Although my paternal grandfather died prematurely so I never would have had the opportunity to ask him about the Great Famine of Mount Lebanon, I never heard my paternal grandmother speak of the Great Famine. As Orfalea notes in his, Ameen Haddad, who was a friend of our family, recounted his experiences of the great famine, but lamentably many Lebanese declined as they put the ugly genocide and executions behind them, and forged ahead in their new country of emigration from Lebanon. Yet, the chilling quote of Enver Pasha on May 19, 2015 memorializes the planned genocide of the Armenians and Lebanese:
“The Ottoman Empire should be cleaned up of the Armenians and the Lebanese. We have destroyed the former by the sword, we shall destroy the latter through starvation”.
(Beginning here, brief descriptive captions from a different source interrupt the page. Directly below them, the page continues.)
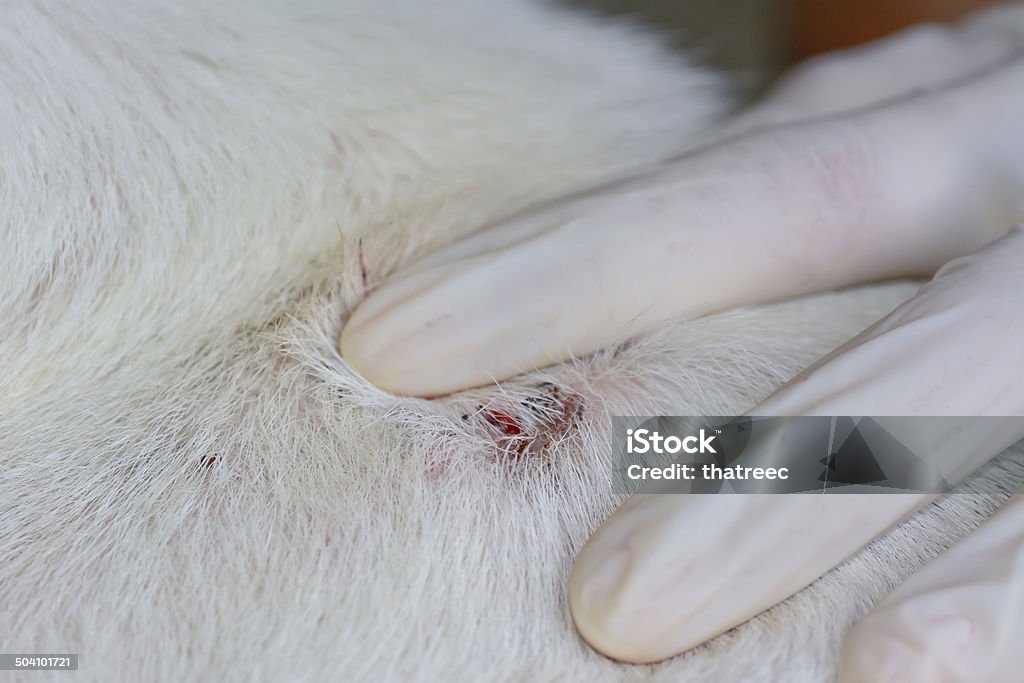 Wound On Dog Skin After Remove Tick From The Fur Stock Photo Download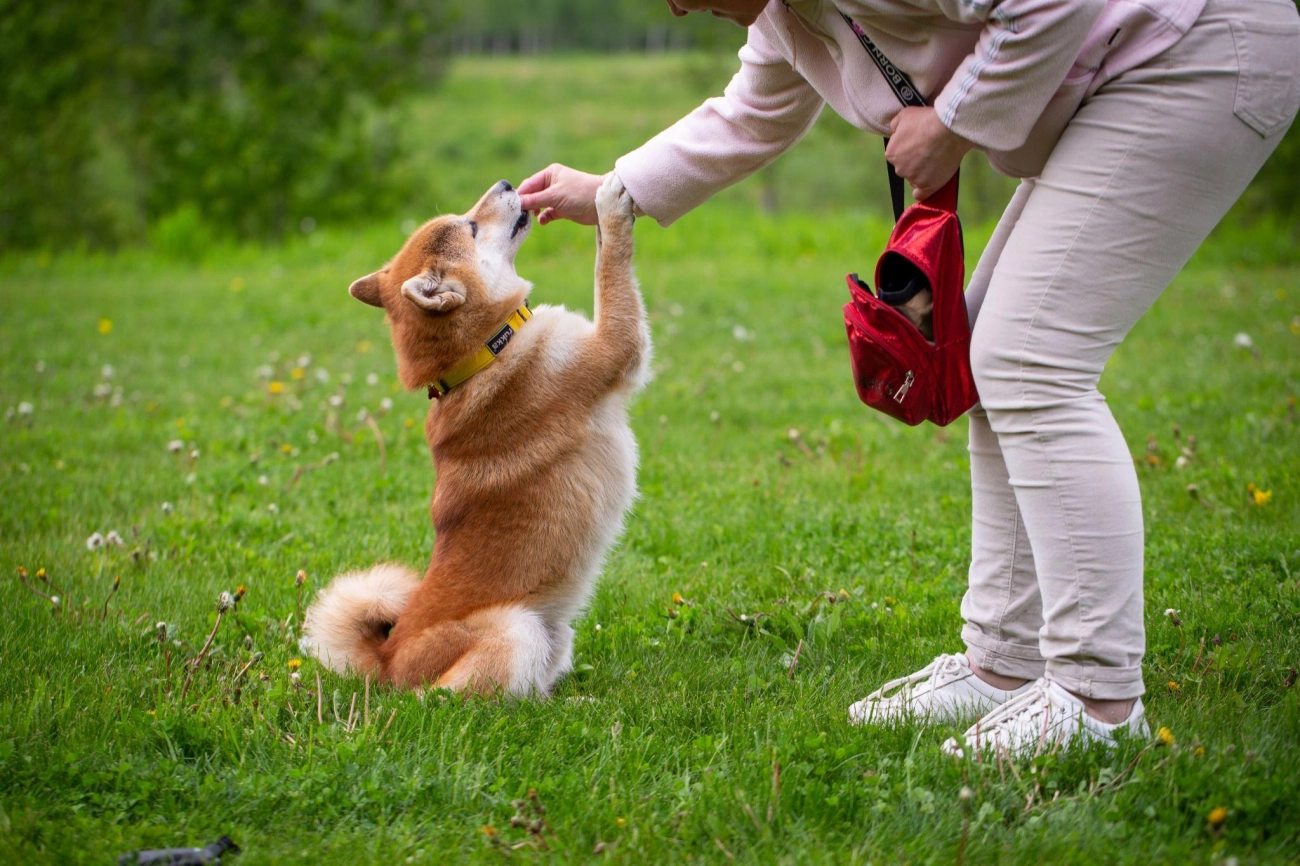 Shiba loài chó nổi tiếng vì khuôn mặt phúc hậu và hay cười - 4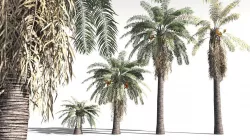 EVERYPlant Date Palm 01 -- 10 Models 3D model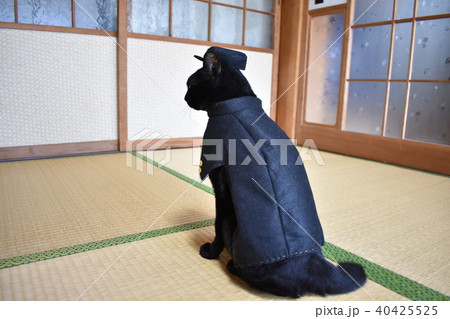 コスプレをした黒猫の写真（中学生） 40425525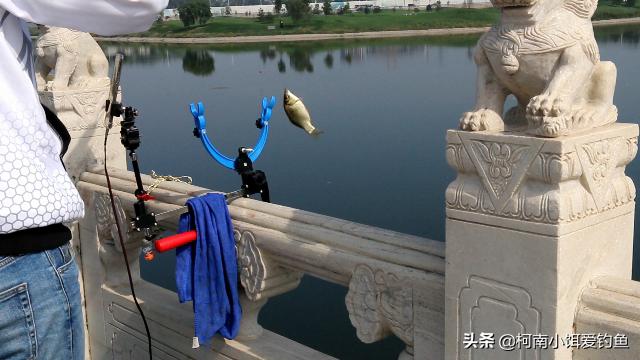 桥筏钓悬钩用什么,为什么桥筏的线要粗一点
The title of the article includes the phrase ‘Omar’s response’ but that response has not been cited in full. Here is the statement issued by her office to CNN:
“I believe accountability for human rights violations — especially ethnic cleansing and genocide — is paramount. But accountability and recognition of genocide should not be used as cudgel in a political fight. It should be done based on academic consensus outside the push and pull of geopolitics. A true acknowledgment of historical crimes against humanity must include both the heinous genocides of the 20th century, along with earlier mass slaughters like the transatlantic slave trade and Native American genocide, which took the lives of hundreds of millions of indigenous people in this country. For this reason, I voted ‘present’ on final passage of H.Res. 296, the resolution Affirming the Unites States record on the Armenian Genocide.”
It is very hard to make sense of this statement. First, as Thea Halo notes, the views of historians on this issue come as close to consensus as it is reasonable to expect (hardly ever do scholars reach 100% consensus).
Second, geopolitical considerations are even more important to those who deny this genocide, who are usually concerned to maintain good relations with a military ally, than to those who recognize it, some of whom may be motivated by Islamophobia. This is true of the controversy over the issue not only in the US but also in Israel, which has refused to recognize the genocide solely for the sake of maintaining good relations with Turkey.
Third, the statement as it stands delegitimizes any statement about any particular genocide that does not simultaneously deal with all other genocides, as though recognition of one genocide implies denial of others. It would be surprising if Omar were consistently to maintain such an absurd stance. Therefore this argument has an ad hoc quality to it.
Omar’s stance exposes her to the suspicion that she is selectively unwilling to recognize genocide when the perpetrators are Moslem and the victims non-Moslem. In fact, such a suspicion would be unfounded, as she has publicly recognised the genocide in Darfur, Sudan. So it is probably a matter only of her limited knowledge of Ottoman history.